WHAT THE TASK ASKS: Go to the line with "Ukraine's President Volodymyr" in the entries below and write out every line from there through the line with "Top Shelf Restricted", exactly and without pictures.

INFORMATION PROVIDED:
>>>>

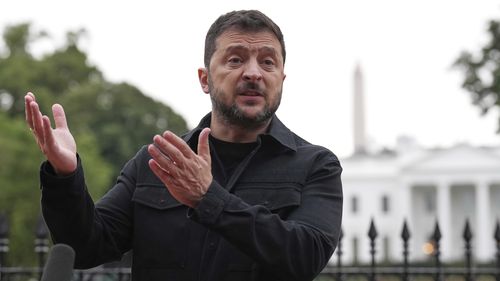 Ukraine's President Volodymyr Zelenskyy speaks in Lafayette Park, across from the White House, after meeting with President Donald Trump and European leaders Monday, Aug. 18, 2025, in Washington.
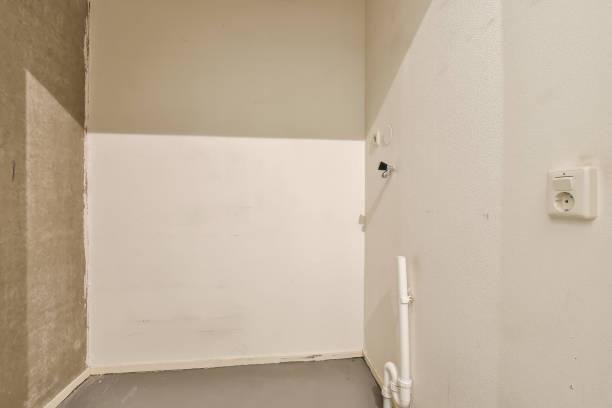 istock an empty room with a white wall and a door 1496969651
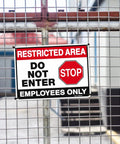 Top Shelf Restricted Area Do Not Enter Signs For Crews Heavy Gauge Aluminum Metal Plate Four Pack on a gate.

<<<<
>>>>

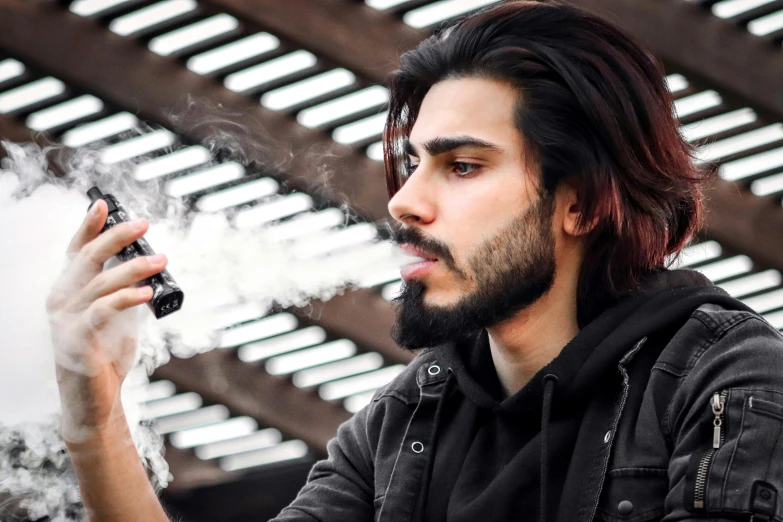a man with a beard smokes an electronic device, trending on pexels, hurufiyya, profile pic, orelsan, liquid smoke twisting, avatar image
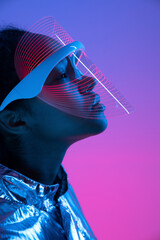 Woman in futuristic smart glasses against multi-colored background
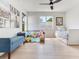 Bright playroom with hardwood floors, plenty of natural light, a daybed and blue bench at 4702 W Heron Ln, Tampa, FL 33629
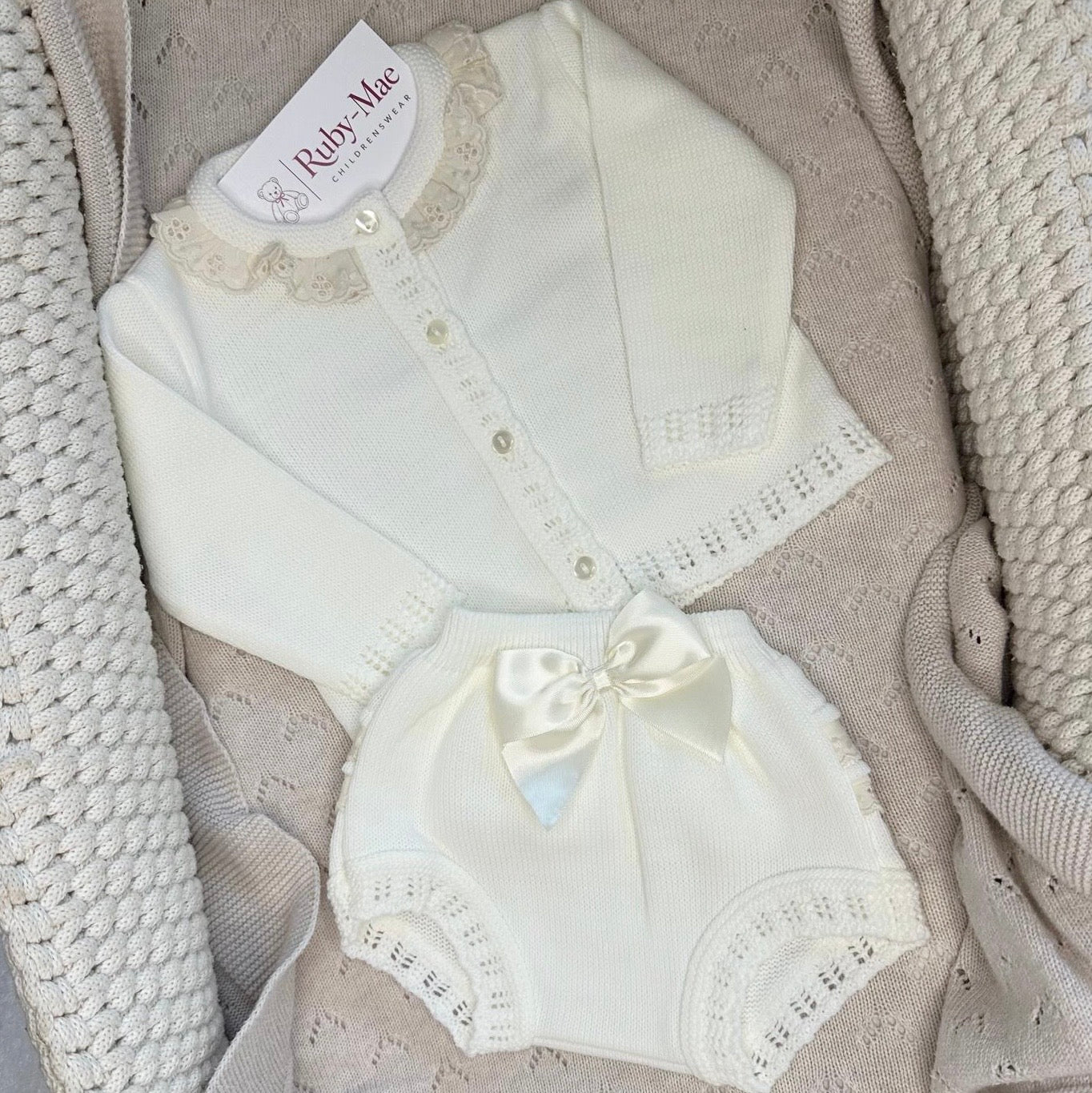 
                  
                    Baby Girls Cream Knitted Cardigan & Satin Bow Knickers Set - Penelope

<<<<
>>>>

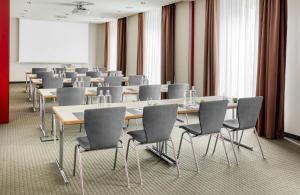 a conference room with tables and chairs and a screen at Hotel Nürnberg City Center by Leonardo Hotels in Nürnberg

<<<<

TASK SOLUTION:
 Ukraine's President Volodymyr Zelenskyy speaks in Lafayette Park, across from the White House, after meeting with President Donald Trump and European leaders Monday, Aug. 18, 2025, in Washington.
 istock an empty room with a white wall and a door 1496969651
 Top Shelf Restricted Area Do Not Enter Signs For Crews Heavy Gauge Aluminum Metal Plate Four Pack on a gate.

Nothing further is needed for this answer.